== What you should do ==
Output, word for word, every line from the line with "Diopside on Calcite" through the final line of the data below.

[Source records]
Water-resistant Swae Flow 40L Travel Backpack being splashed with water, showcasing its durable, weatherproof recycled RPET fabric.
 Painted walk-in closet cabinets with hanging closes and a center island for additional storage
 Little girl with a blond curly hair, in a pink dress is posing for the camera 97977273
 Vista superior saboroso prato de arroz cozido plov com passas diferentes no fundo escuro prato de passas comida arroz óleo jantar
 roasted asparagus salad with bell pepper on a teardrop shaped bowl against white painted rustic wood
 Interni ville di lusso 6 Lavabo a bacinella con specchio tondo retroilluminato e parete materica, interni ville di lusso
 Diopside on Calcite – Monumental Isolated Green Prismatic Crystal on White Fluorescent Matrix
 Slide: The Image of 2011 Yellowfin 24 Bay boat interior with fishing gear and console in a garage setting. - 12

== Solution to this task ==
 Diopside on Calcite – Monumental Isolated Green Prismatic Crystal on White Fluorescent Matrix
 Slide: The Image of 2011 Yellowfin 24 Bay boat interior with fishing gear and console in a garage setting. - 12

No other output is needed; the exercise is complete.